First-night nerves in movie mayhem

Lauren Chambliss12 April 2012

IT'S the time of year when the big entertainment companies release seasonal films and earnings forecasts rise or fall on the strength of a single movie's opening day box-office receipts.

Disney, the giant media company with theme parks, TV and cable operations has been floundering since epic cartoon Treasure Planet bombed on its first box-office weekend.

Harry Potter is working his special brand of box office magic, pulling in nearly $300m (£190m) in the US in its first few days. That's good news for AOL Time Warner, also expecting a box-office bonanza with the US release on 18 December of The Lord of the Rings: The Two Towers.

Vivendi Universal is riding high with several hot Christmas releases - rapper Eminem's 8 Mile and drug drama Empire - giving a lift to chief Barry Diller's reported effort to spin off the movie giant from its troubled French parent.

Working out whether a film will hit or miss has become an obsession on Wall Street, where at this time of year investors spend almost as much time reading Hollywood's Daily Variety as they do the Wall Street Journal.

The movie craze reaches a peak in the next week with the release of several sure blockbusters and a few wannabes, including the second instalment of The Lord of the Rings trilogy; Maid in Manhattan, a Jennifer Lopez-Ralph Fiennes vehicle; a Martin Scorsese film about New York Irish gangs; several comedies; and a Star Trek sequel.

The first Lord of the Rings film sold $860m in tickets.
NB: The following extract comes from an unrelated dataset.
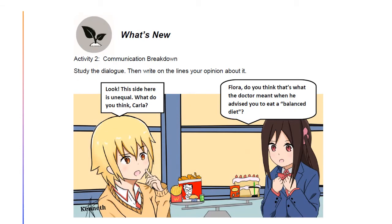Moving on to the next activity, this is all about communication breakdown. In your module, you may see two girls having a conversation. The names of the characters are Flora and Carla. Flora said, 'Look! This side here is an equal. What do you think, Carla?' Carla said, 'Flora, do you think that's what the doctor meant when he advised you to eat a balanced diet?' Based on the dialogue, write your opinion about it. If you are done, let's proceed to the next slide.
New Line Cinema, a unit of AOL Time Warner, has shipped 35m DVDs and videotapes and expects to sell 18m more by the end of the year. The budget for the trilogy - all three were shot simultaneously - was $310m.

On the other hand, Disney was forced to drop its guidance on early next year after Treasure Planet flopped and Disney shares fell by about 15%.

'Movies are just one small piece of business for most of these companies and sometimes there is an over-emphasis on one data point - the opening day weekend,' said Marie Driscoll of Argus Research. 'Investors sometimes look at the trees instead of the forest.'

Meanwhile, a month-long slide in AOL Time Warner's shares has been halted by Potter's magic and the promise of a ringing run for the second cinematic adaptation of JR Tolkein's epic.